Le reazioni dei media e società specializzate britanniche non si sono fatte attendere: “l’Europa vuole accaparrarsi il business della compensazione della City” è l'opinione comune. Al di là delle interpretazioni, nel comunicato stampa diffuso dalla Commissione per annunciare la proposta si legge che “le CCP rappresentano una parte del settore finanziario di crescente importanza e peso e il cui rischio sistemico è aumentato. Inoltre, l’uscita del Regno Unito dall’UE avrà effetti notevoli sulla regolamentazione e sul controllo della compensazione in Europa”.

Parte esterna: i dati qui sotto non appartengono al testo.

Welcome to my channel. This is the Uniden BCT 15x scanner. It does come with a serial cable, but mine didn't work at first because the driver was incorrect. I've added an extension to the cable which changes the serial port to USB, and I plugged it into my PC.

La proposta della Commissione stabilisce un nuovo meccanismo di controllo all'interno dell'ESMA, battezzato ‘CCP Executive Session’, che si occuperà di monitorare che si vada verso una maggiore armonizzazione e coerenza nell’ambito della sorveglianza delle CCP all’interno dell’UE e di rafforzare il controllo delle controparti centrali di Paesi extra UE. Nello specifico, per queste ultime, tra le quali ci sarà anche il Regno Unito, la proposta della Commissione rende ancora più rigida la procedura già esistente di riconoscimento e controllo delle CCP, ovvero “per quelle che rivestono un’importanza sistemica decisiva per l’UE”. Se si guarda alle cifre, le società del Regno Unito (compreso il London Stock Exchange Group) muovono il 75% dei derivati sui tassi d’interesse denominati in euro.

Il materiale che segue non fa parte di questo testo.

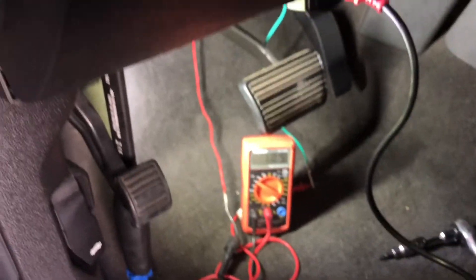And there you have it, folks. Test, don't guess. Get it done right.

La proposta della Commissione instaura un nuovo sistema a due livelli per la classificazione delle CCP: quelle che non hanno importanza sistemica, che potranno continuare a operare secondo il regime attuale di equivalenza previsto dall’EMIR e quelle che invece implicano un rischio sistemico (si chiameranno CCP di livello 2) che saranno soggette a regole più rigide. Praticamente, la CCP dovrà fornire all’ESMA tutte le informazioni necessarie e permettere visite di controllo da parte di quest’ultima. Allo stesso tempo, le Banche centrali dell’UE di riferimento dovranno confermare che una determinata entità rispetta “tutti i requisiti aggiuntivi” che la Banca in questione le ha imposto (si citano ad esempio i requisiti relativi alla disponibilità, il tipo di garanzie, la liquidità o segregazione …). Nonostante tutto, la proposta dell’UE segnala che “data la rilevanza delle loro attività, alcune CCP di Paesi terzi potrebbero avere una tale importanza sistemica da far apparire insufficienti tali requisiti per attenuare i rischi potenziali. In tal caso, la Commissione potrà, su richiesta dell’ESMA e d’accordo con la Banca centrale interessata, decidere se una CCP non potrà più prestare servizio all’interno dell’UE a meno che non si stabilisca in questo territorio”.

Attualmente ci sono 17 CCP con sede nell’UE, tutte autorizzate in virtù del regolamento EMIR a offrire servizi nell’UE, anche se non sono autorizzate a compensare tutte le categorie di asset. Allo stesso tempo, ci sono 28 CCP di Paesi extra UE che sono stati riconosciuti nel quadro dell’EMIR per poter prestare servizio nel territorio dell’UE, come spiega il comunicato stampa. Pochi giorni fa, la Futures Industry Association (FIA) ha inviato una lettera al commissario Dombrovskis nella quale sottolineava che il trasferimento forzato sarebbe la soluzione più dannosa e costosa di tutte quelle possibili per vigilare sulle CCP extra UE e inoltre non porterebbe a un maggior controllo dell’attività in questione.